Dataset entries
'''
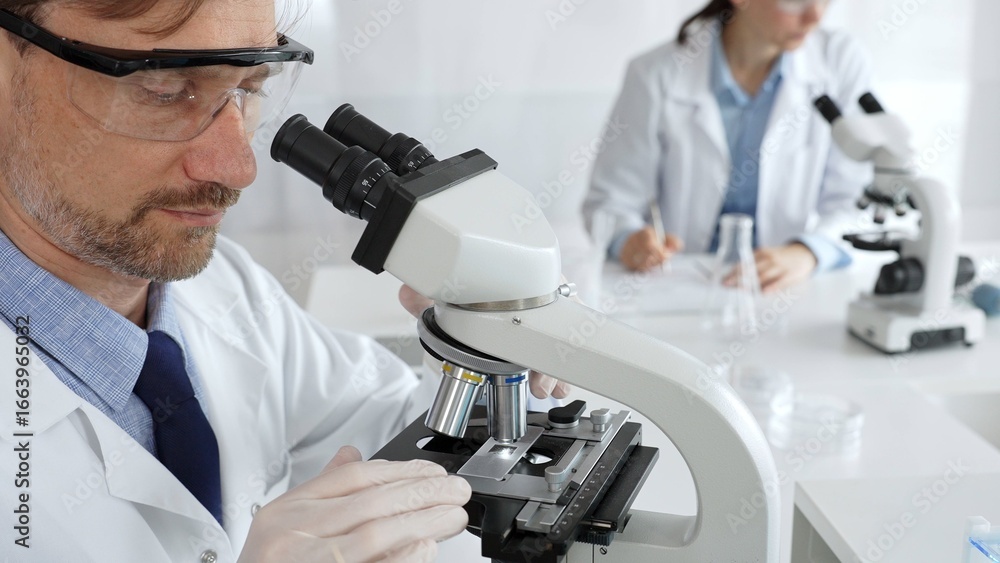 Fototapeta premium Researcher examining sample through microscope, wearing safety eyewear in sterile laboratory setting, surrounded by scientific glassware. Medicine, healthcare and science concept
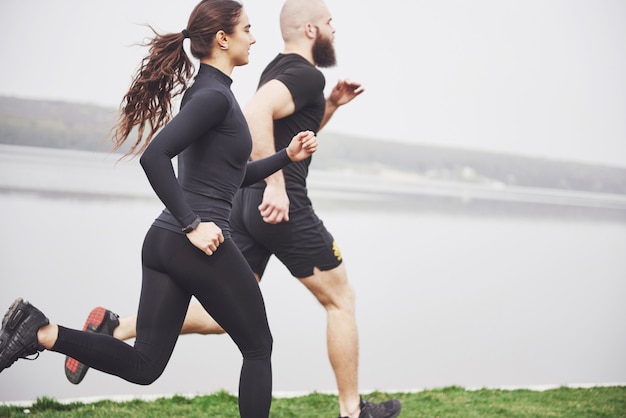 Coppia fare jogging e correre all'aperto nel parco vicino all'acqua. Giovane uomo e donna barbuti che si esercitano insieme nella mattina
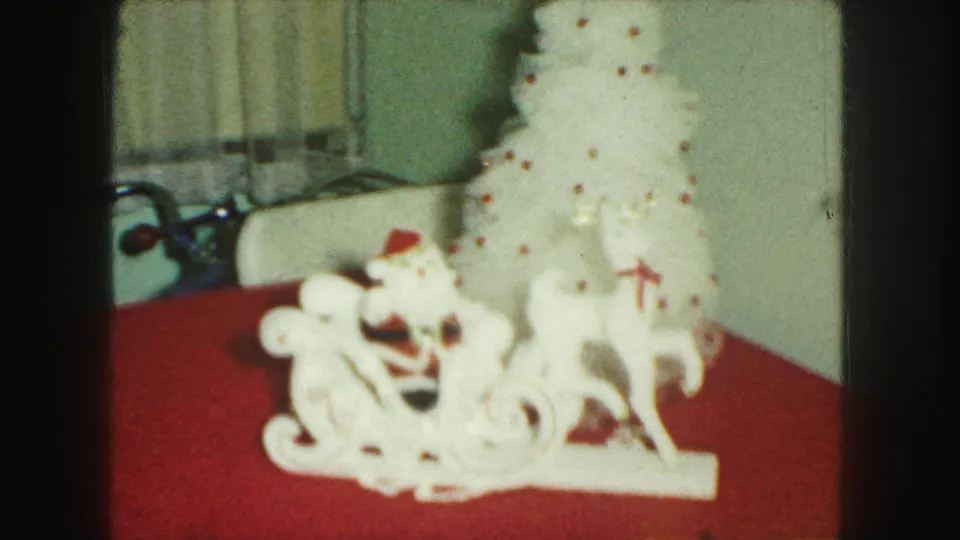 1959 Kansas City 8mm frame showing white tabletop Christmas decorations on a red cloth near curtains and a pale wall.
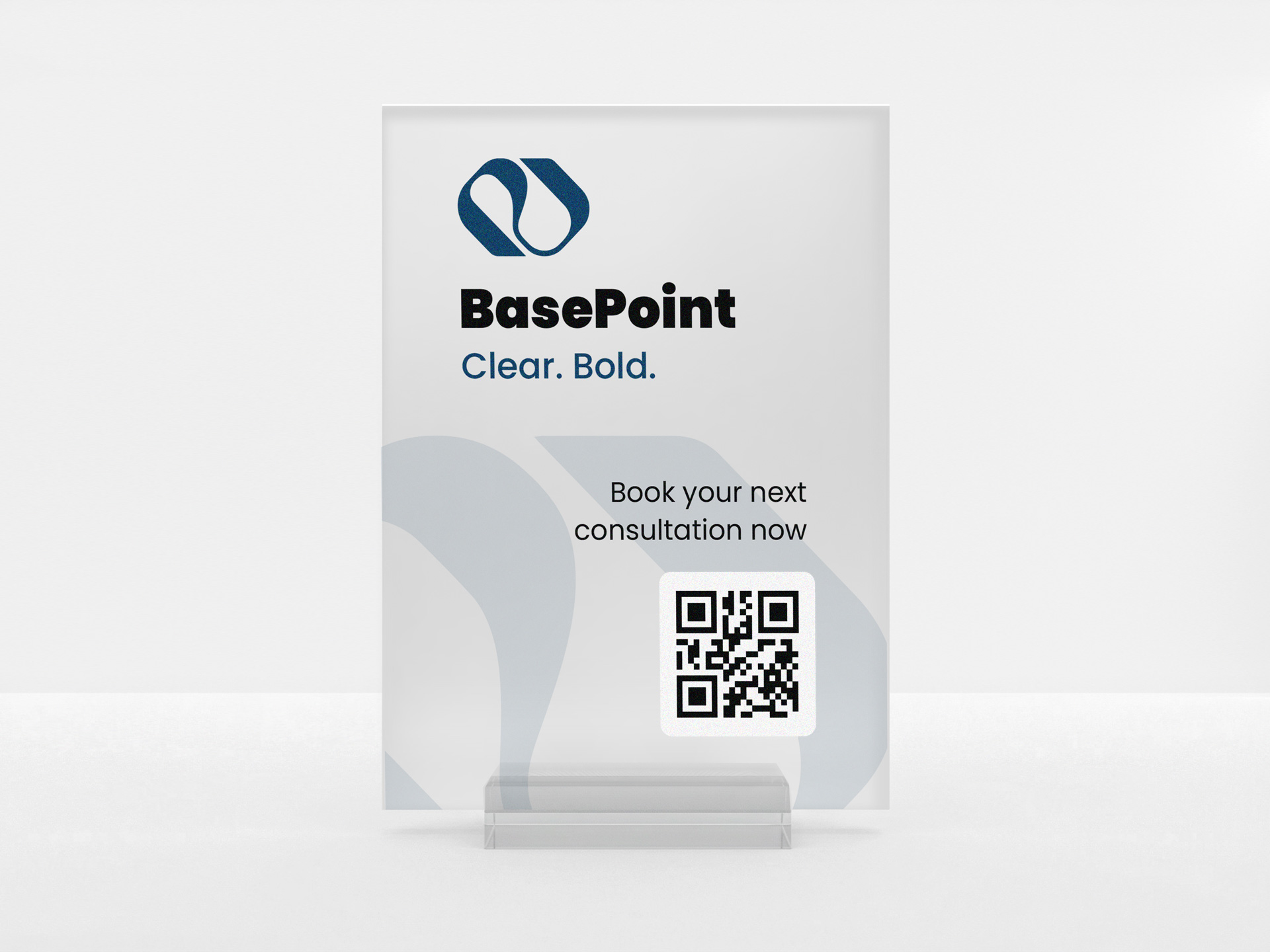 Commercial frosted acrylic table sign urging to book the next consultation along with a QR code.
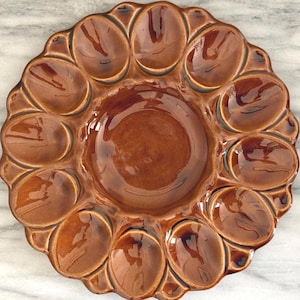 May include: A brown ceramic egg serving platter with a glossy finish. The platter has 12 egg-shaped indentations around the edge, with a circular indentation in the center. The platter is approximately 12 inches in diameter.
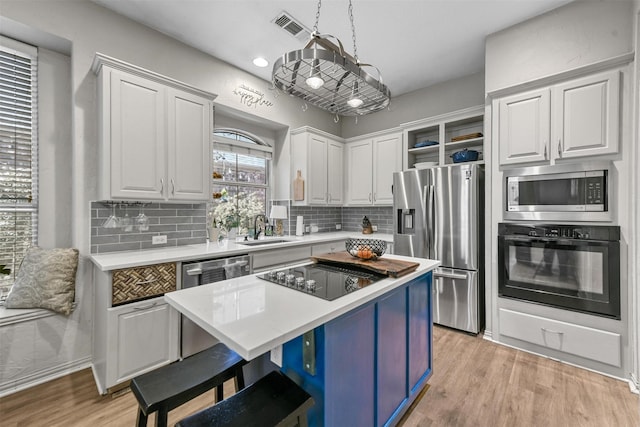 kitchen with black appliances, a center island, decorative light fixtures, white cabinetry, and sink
'''
— Your instructions —
A verbatim copy of the records is expected, from their first line through the line with "Coppia fare jogging", inclusive, with the pictures removed.

— Exercise response —
 Fototapeta premium Researcher examining sample through microscope, wearing safety eyewear in sterile laboratory setting, surrounded by scientific glassware. Medicine, healthcare and science concept
 Coppia fare jogging e correre all'aperto nel parco vicino all'acqua. Giovane uomo e donna barbuti che si esercitano insieme nella mattina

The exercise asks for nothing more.